Read Nemesis: The Last Days of the American Republic Online
Authors: Chalmers Johnson
My book
Blowback
was not much noticed in the United States until after 9/11, when my suggestion that our covert policies abroad might be coming back to haunt us gained new meaning. Many Americans began to ask—as President Bush did—”Why do they hate us?” The answer was not that some countries hate us because of our democracy, wealth, lifestyle, or values but because of things our government did to various peoples around the world. The counterblows directed against Americans seem, of course, as out of the blue as those airplanes on that September morning because most Americans have no framework that would link cause and effect. The terrorist attacks of September 11 are the clearest examples of blowback in modern international relations. In the initial book in this trilogy, I predicted the likely retaliation that was due against the United States, but I never foresaw the terrorist nature of the attacks, nor the incredibly inept reaction of our government.
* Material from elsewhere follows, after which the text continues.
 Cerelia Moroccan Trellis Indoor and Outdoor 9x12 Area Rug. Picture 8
On that fateful Tuesday morning in the early autumn of 2001, it soon became clear that the suicidal rammings of hijacked airliners into symbolically significant buildings were acts of what the Pentagon calls “asymmetric warfare” (a rare instance in which bureaucratic jargon proved more accurate than the term “terrorism” in common use). I talked with friends and colleagues around the nation about what group or groups might have carried out such attacks. The veterans of our largest clandestine war— when we recruited, armed, and sent into battle Islamic mujahideen (freedom fighters) in Afghanistan against the Soviet Union in the 1980s—did not immediately come to mind. Most of us thought of
Chileans because of the date: September 11, 1973, was the day the CIA secretly helped General Augusto Pinochet overthrow Salvador Allende, the leftist elected president of Chile. Others thought of the victims of the Greek colonels we put in power in 1967, or Okinawans venting their rage over the sixty-year occupation of their island by our military. Guatemalans, Cubans, Congolese, Brazilians, Argentines, Indonesians, Palestinians, Panamanians, Vietnamese, Cambodians, Filipinos, South Koreans, Taiwanese, Nicaraguans, Salvadorans, and many others had good reason to attack us.
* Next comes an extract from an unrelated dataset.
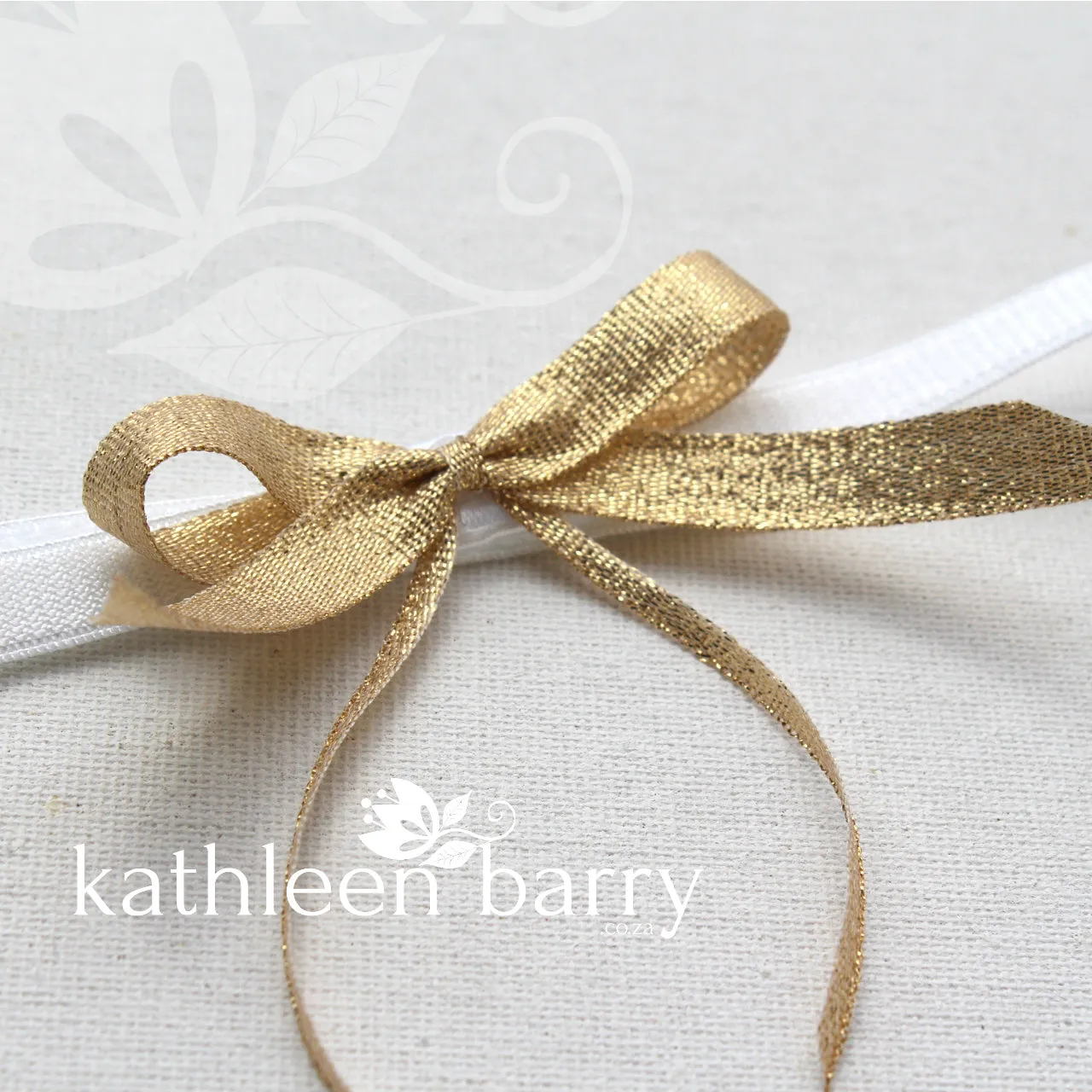 Maria Metallic ribbon bridal tossing garter -available in rose gold, silver and pale gold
The Bush administration, however, did everything in its power to divert us from thinking that our own actions might have had something to do with such suicidal attacks on us. At a press conference on October 11, 2001, the president posed the question, “How do I respond when I see that in some Islamic countries there is vitriolic hatred for America?” He then answered himself, “I’ll tell you how I respond: I’m amazed that there’s such misunderstanding of what our country is about that people would hate us. I am—like most Americans, I just can’t believe it because I know how good we are.” Bush has, of course, never once allowed that the United States might bear some responsibility for what happened on 9/11. In a 2004 commencement address at the Air Force Academy, for instance, he asserted, “No act of America explains terrorist violence, and no concession of America could appease it. The terrorists who attacked our country on September 11, 2001, were not protesting our policies. They were protesting our existence.”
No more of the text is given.